Armut war das Thema. DAS fiel natürlich sofort auf. Köpfe wurden geschüttelt, Bedauern geäußert - später auch im Gespräch Indern gegenüber, die nicht ganz begriffen, worum es überhaupt ging. Ähnliches erlebte ich in anderen Ländern von meinen Landsleuten. Bin ich wieder zuhause und berichte ich von Indien, höre ich "Oh je, das Kastenwesen!", erzähle ich vom letzten US-Aufenthalt, werde ich über die mangelnde Krankenversicherung belehrt.
Ich schalte den "Weltspiegel" oder das "Auslandsjournal" im Fernsehen ein: In Ohio wird eine Dame portraitiert, die im Auto schlafen muss. Aus China oder Indien wird nicht etwa über die fleißigen Aufsteiger berichtet, sondern natürlich über die ausgebeuteten Wanderarbeiter.


Woher kommt dieser schon an einen Fetisch grenzenden Glauben an die Gleichheit? Und wir reden hier nicht von gleichen Chancen, wie in den angelsächsischen Ländern, sondern vom möglichst gleichen Ergebnis für alle. Natürlich hält es keine Gesellschaft lange aus, wenn die sozialen Spannungen dauerhaft zu groß sind. Aber wie dynamisch ist eine Gesellschaft, in der Gleichheit eines der obersten Gebote ist?

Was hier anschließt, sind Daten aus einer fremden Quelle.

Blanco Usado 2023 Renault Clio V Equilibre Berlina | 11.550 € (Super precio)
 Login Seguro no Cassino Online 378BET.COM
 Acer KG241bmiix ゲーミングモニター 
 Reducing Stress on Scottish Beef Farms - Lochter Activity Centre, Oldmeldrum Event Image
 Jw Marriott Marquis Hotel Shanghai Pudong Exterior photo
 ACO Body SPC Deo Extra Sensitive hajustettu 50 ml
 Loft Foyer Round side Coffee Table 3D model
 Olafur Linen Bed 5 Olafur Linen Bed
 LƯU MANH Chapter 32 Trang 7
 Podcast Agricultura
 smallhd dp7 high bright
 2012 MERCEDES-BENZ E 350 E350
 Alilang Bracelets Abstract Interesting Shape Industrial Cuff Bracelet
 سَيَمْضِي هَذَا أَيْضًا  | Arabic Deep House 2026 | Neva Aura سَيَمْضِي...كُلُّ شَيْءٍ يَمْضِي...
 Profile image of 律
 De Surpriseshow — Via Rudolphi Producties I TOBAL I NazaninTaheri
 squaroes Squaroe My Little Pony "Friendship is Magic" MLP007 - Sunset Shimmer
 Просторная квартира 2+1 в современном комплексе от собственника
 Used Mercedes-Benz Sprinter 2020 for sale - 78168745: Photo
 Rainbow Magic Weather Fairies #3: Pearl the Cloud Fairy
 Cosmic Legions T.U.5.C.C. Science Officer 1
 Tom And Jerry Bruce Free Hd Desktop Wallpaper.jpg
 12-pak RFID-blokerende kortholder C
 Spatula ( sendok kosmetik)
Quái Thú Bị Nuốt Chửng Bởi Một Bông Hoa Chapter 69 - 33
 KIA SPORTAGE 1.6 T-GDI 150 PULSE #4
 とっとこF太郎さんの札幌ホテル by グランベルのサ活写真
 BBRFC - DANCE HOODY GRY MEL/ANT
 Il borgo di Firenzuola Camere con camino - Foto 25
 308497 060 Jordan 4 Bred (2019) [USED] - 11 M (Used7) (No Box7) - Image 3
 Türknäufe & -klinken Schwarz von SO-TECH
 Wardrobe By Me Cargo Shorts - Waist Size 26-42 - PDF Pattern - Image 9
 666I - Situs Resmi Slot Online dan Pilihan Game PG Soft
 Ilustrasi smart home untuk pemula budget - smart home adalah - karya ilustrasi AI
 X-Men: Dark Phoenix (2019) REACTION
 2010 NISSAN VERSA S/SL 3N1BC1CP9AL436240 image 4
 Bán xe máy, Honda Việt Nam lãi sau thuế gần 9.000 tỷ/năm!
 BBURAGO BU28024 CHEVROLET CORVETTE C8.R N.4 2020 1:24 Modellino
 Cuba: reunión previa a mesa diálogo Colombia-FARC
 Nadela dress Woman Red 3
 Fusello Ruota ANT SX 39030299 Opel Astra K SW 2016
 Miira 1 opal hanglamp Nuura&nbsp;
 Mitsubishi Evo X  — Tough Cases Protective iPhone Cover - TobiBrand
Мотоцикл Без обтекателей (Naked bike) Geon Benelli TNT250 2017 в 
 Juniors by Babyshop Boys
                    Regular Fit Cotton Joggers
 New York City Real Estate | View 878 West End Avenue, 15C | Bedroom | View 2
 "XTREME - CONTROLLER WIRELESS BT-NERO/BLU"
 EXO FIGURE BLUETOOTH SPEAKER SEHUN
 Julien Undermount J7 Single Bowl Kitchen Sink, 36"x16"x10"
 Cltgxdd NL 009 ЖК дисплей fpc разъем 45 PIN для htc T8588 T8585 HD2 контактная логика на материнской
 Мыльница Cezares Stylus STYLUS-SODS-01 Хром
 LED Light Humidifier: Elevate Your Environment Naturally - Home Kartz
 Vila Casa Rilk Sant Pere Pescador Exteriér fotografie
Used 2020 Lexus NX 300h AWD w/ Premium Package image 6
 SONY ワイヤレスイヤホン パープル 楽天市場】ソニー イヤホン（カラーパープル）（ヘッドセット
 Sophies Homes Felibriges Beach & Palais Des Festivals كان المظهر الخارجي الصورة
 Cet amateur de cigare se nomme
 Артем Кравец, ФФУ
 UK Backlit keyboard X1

Wie hoch war die Dynamik in den Gesellschaften der beiden großen Gegenspieler UdSSR und USA in den vergangenen Jahrzehnten? Wessen Filme, Musik, Bücher, wessen Produkte eroberten die Welt, weil die Dynamik immer neue Vielfalt nach oben spülte?

Der Fetisch Gleichheit, der uns auch von der EU jeden Tag gepredigt wird, bringt uns langfristig zu ruhigen Verhältnissen. Aber auch zu Einheitsbrei, weniger Farben und letztlich auch Wohlstandsverlust. Wer nicht mehr aufsteigen muss oder kann, wird sich nicht mehr anstrengen. Fazit: Gleiche Chancen - aber möglichst ungleiche Ergebnisse!